However, as numbers of fish decreased, their size rocketed. The Angling Times article mentions the peak Wensum roach weighed around 2lb 10oz in those days. Eight years after this piece, many of us were catching quantities of two and three quarter pound fish and eventually three-pounders.

From the 1970s, the stretch Ivan and Roy fished was continually deep dredged by Anglian Water. The so-called spoil, in truth, the gravels and goodness of the river, was heaped on the bankside and that is why they remain raised and artificial to this day.

In 1966, however, the banks were level and pristine and the river ran its natural course between them. Once the Wensum was dredged, however, it was little better than a canal and during winter floods it simply surged towards the city. Smaller roach were swept away in the deluge and their numbers have never returned to those 1966 levels.

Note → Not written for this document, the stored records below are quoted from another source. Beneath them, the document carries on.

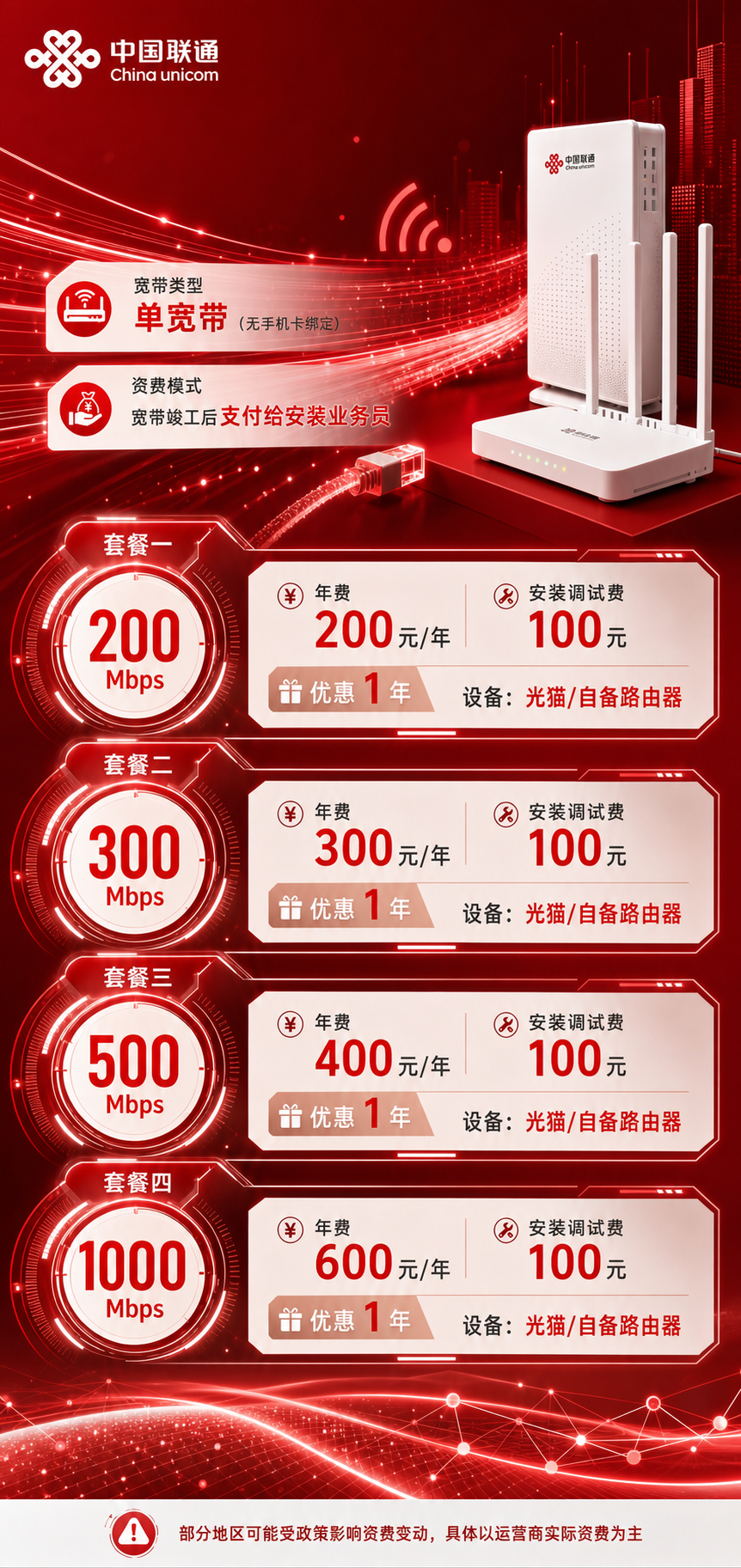 无锡联通单宽带详情
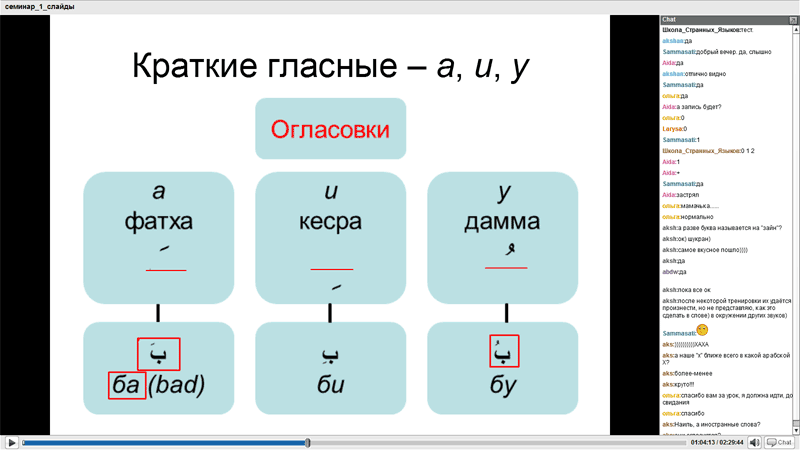 Tajwid - Explanation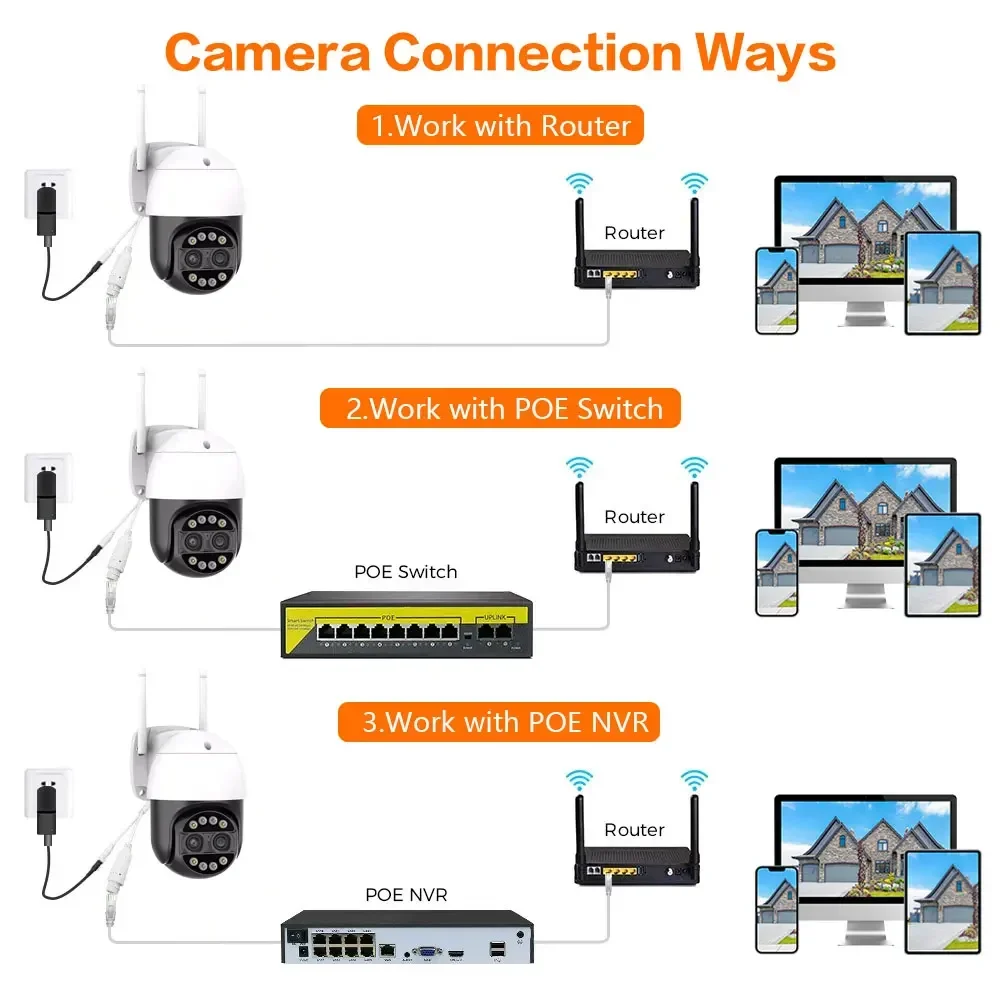 Caméra de surveillance extérieure IP 8MP 10CH, kit avec lentille pour touristes, n'aime numérique 8X, détection humaine, sécurité, protection CCTV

The point is whether this matters to anyone bar a few roaching diehards? Well it does. It doesn't matter where you look in our environment, if we lose one species the rest of the community doesn't do as well. Otters, herons, grebes, kingfishers, pike and perch amongst others all find it harder to earn a living now that Wensum roach are on the wane. There's also a financial consideration. In a few weeks, I'm meeting with the Environment Agency, along with John Carrick. John is a farmer and conservation of the highest repute and he has known the river even longer than I have, which is saying something. His ideas are spot-on and though we disagree on minutiae, that's how things should be and always are in environmental discussion.

My point at this meeting will be that there is a massive surge of interest in river fish and float fishing for roach in particular. If we could turn the river back to what it was in 1966, we would see a stream of anglers coming from all over the UK and even from Europe to enjoy it.

The financial knock-on for clubs, riparian owners, guesthouses, pubs and tackle shops would be considerable, especially in the winter when roaching is at its peak and tourism at its nadir. I'll certainly be suggesting ways to bring back our roach at this meeting and I will report back on results.

Roach to me are the most precious pearls of nature. For many, many others they could represent very significant pounds and pence. From every standpoint, our county's treasured species deserves to be cosseted.